(Brief descriptive captions)

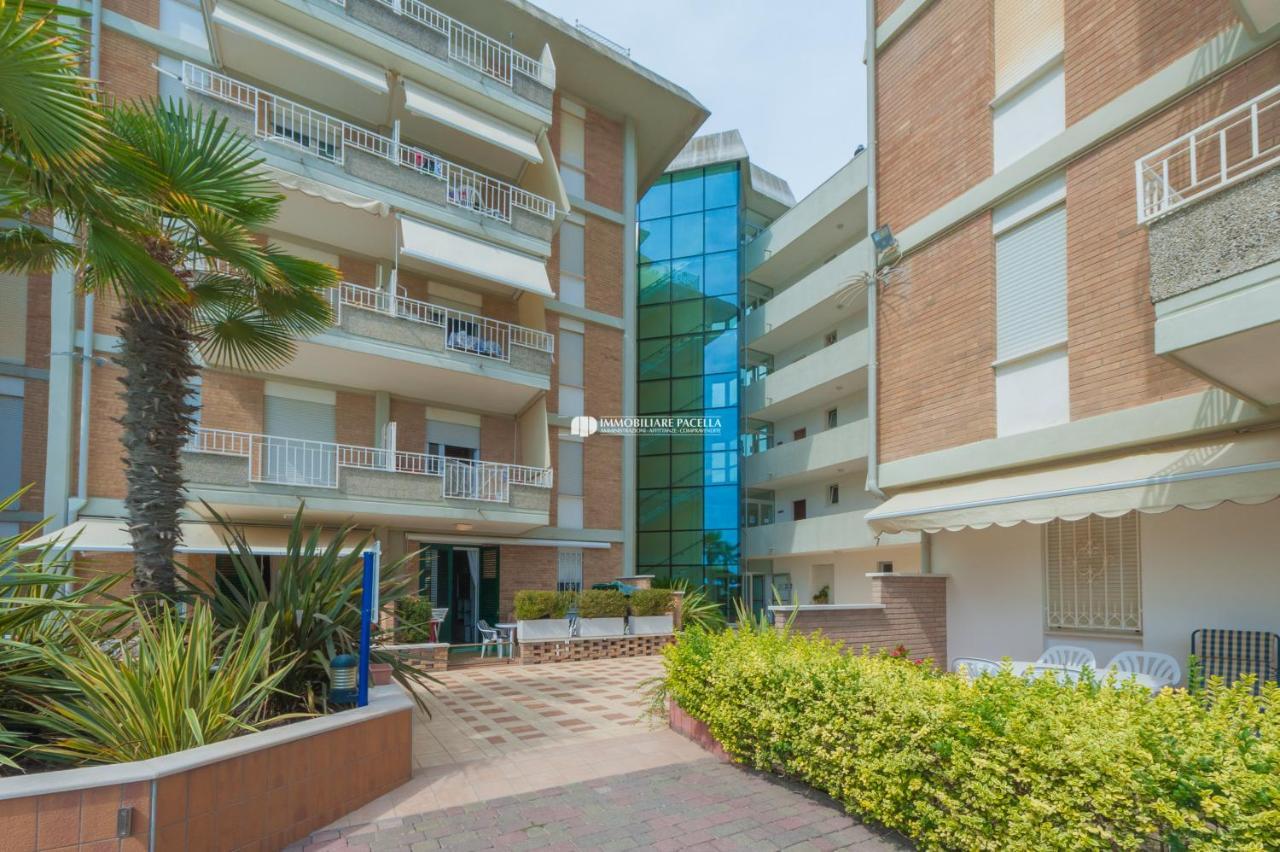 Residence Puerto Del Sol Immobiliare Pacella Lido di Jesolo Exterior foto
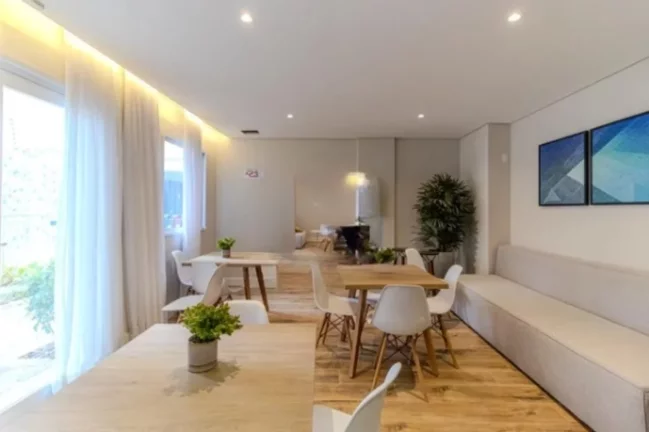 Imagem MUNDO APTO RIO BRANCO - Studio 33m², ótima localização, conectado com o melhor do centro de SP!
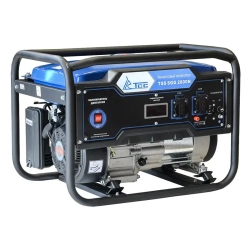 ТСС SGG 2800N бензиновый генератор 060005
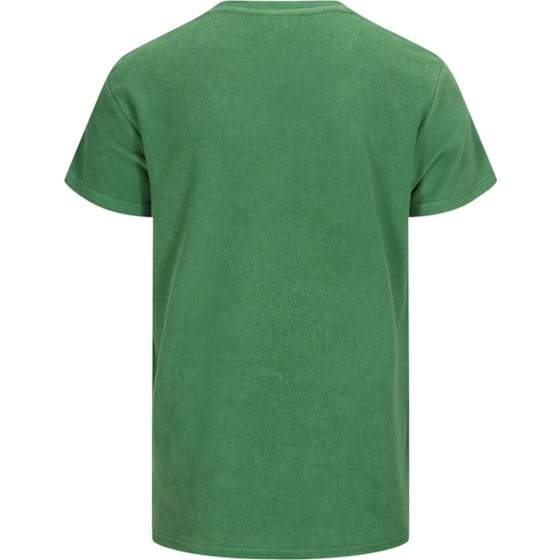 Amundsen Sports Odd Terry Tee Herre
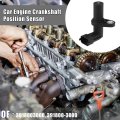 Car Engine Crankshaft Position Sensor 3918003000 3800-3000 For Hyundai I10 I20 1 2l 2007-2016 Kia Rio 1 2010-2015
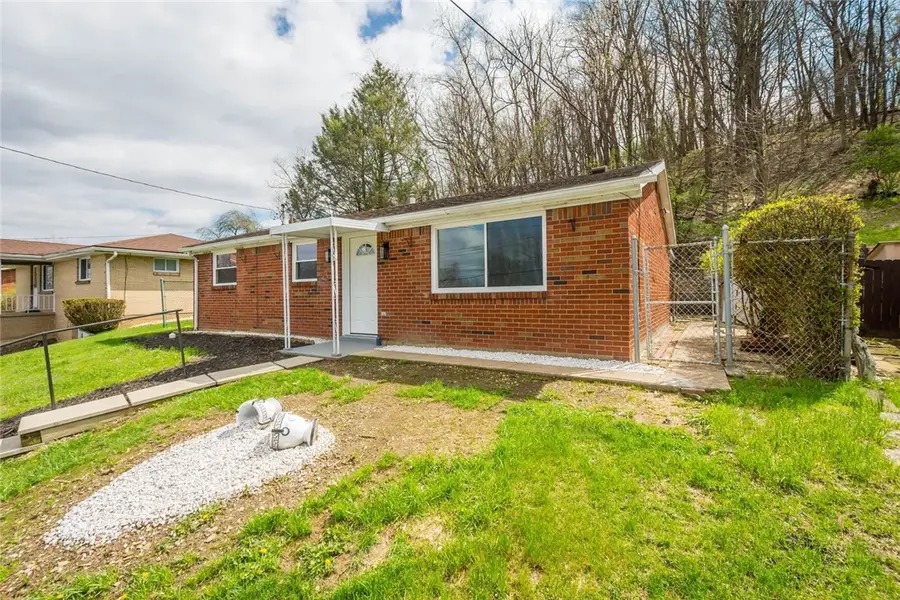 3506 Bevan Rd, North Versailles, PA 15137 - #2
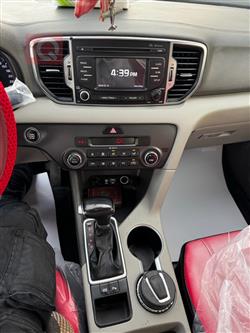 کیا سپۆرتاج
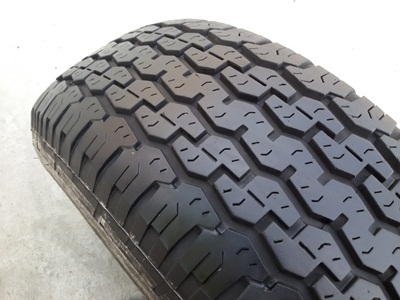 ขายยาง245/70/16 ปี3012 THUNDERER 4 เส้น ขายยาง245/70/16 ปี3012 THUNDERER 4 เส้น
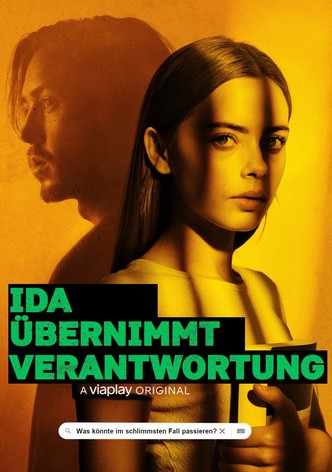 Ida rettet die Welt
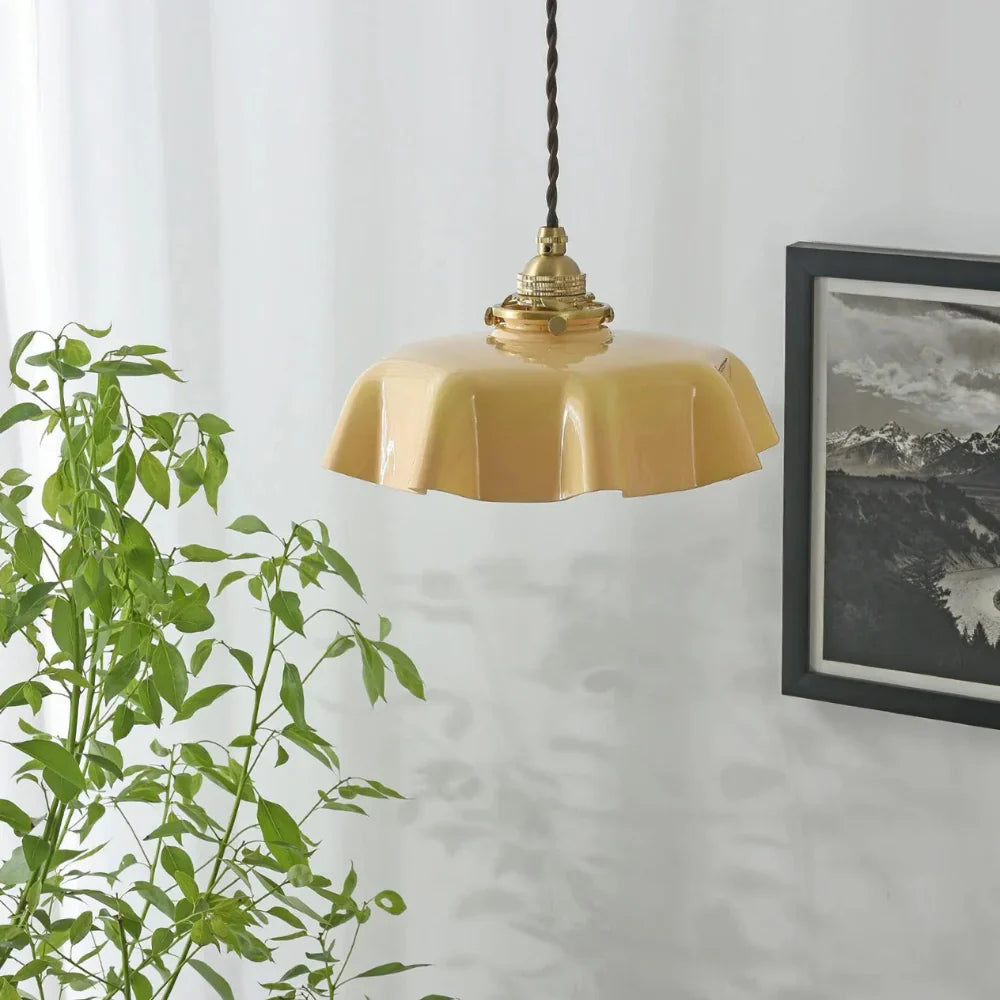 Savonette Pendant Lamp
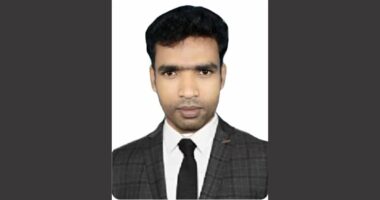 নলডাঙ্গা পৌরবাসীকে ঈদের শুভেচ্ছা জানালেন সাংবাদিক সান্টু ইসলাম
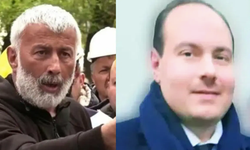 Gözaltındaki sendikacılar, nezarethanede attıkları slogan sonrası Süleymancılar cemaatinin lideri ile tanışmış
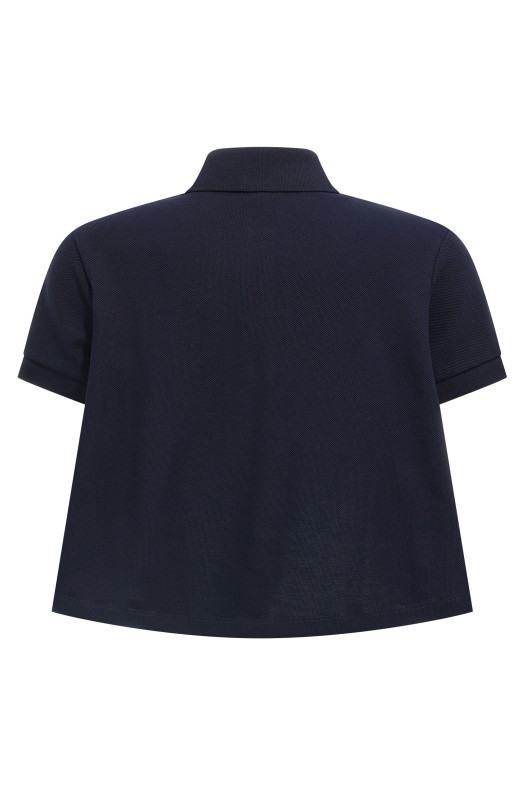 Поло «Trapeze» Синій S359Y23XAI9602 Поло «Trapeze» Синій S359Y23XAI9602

__WHAT YOU HAVE TO DO__. Each line above is to be transcribed exactly, though its pictures are not.

__SOLUTION TO THIS EXERCISE__.
 Residence Puerto Del Sol Immobiliare Pacella Lido di Jesolo Exterior foto
 Imagem MUNDO APTO RIO BRANCO - Studio 33m², ótima localização, conectado com o melhor do centro de SP!
 ТСС SGG 2800N бензиновый генератор 060005
 Amundsen Sports Odd Terry Tee Herre
 Car Engine Crankshaft Position Sensor 3918003000 3800-3000 For Hyundai I10 I20 1 2l 2007-2016 Kia Rio 1 2010-2015
 3506 Bevan Rd, North Versailles, PA 15137 - #2
 کیا سپۆرتاج
 ขายยาง245/70/16 ปี3012 THUNDERER 4 เส้น ขายยาง245/70/16 ปี3012 THUNDERER 4 เส้น
 Ida rettet die Welt
 Savonette Pendant Lamp
 নলডাঙ্গা পৌরবাসীকে ঈদের শুভেচ্ছা জানালেন সাংবাদিক সান্টু ইসলাম
 Gözaltındaki sendikacılar, nezarethanede attıkları slogan sonrası Süleymancılar cemaatinin lideri ile tanışmış
 Поло «Trapeze» Синій S359Y23XAI9602 Поло «Trapeze» Синій S359Y23XAI9602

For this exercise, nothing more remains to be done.